BYU is just the third No. 11 seed to make it this far. The Cougars have done it under a first-year coach who played and coached at archrival Utah - he's still reviled in some quarters for jumping to BYU - and was the guy the Boston Celtics drafted after taking Bird.
The Cougars, 0-4 in the NCAA tournament before this year, already have won two games in Ames, beating sixth-seeded Florida and third-seeded Iowa State. Now his team faces what Judkins considers the ultimate test: six-time national champion Tennessee.
"There's no question that when you think women's basketball, you're thinking of Tennessee," Judkins said. "They have the experience in these situations. That's a big edge for them.
"But we're the underdog and sometimes when you're the underdog you don't expect to win anything and you come out and play a lot more relaxed. I think that will happen with our team."
Drake made the regional semifinals by upsetting second-seeded Baylor behind center Carla Bennett and clutch shooting by point guard Stephanie Schmitz, a skinny senior who's fond of Maggiemoo's ice cream.
"We're the underdogs, I suppose, but I think we kind of turned some heads this past weekend," Schmitz said. "People realize we're not just going to roll over and let teams come in and push us around. We're going to compete for the full game."
Old Dominion is in the regional semifinals for the 11th time, though getting there as a No. 7 seed isn't the norm for the Lady Monarchs, who won the national championship in 1985 and were second in 1997.

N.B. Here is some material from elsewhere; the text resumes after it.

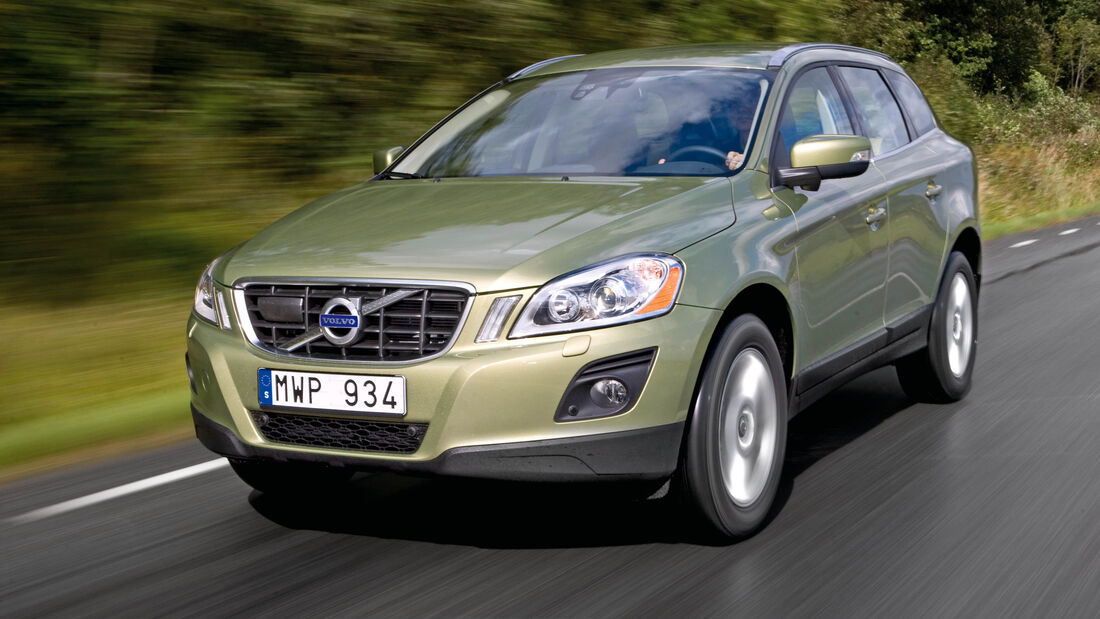 Volvo XC60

They felt they should have been seeded higher, so they're not surprised to still be playing.
"I saw us hosting two games and getting to the Sweet 16," coach Wendy Larry said. "I don't care how you get there, that's what I saw. I never didn't believe that this was a top 16 team."
After routing St. Francis, Pa., and Iowa, Connecticut turns its attention to Penn State's Kelly Mazzante, the nation's leading scorer with a 25.2 average.

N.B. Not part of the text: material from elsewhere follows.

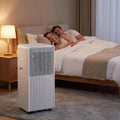 Condizionatore, portatile, timer, 11000 BTU, climatizzatore, Condizionatore Portatile 12000 BTU con Telecomando e Timer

"She reminds me a little bit of Jackie Stiles," said Auriemma, who said he had no special defense planned for Mazzante.
"We're going to play the way we've played all year," he said. "We've played against some pretty good players. I think we're a pretty good defensive team."
Penn State's problem is that Connecticut is a good offensive team, too. Any of the Huskies' five starters is capable of a big game and point guard Sue Bird knows how to get the ball to the hot hand.
"I wish it was the Super Bowl. Then I would have two weeks to get ready," Penn State coach Rene Portland said. "This one week is going to be real tough."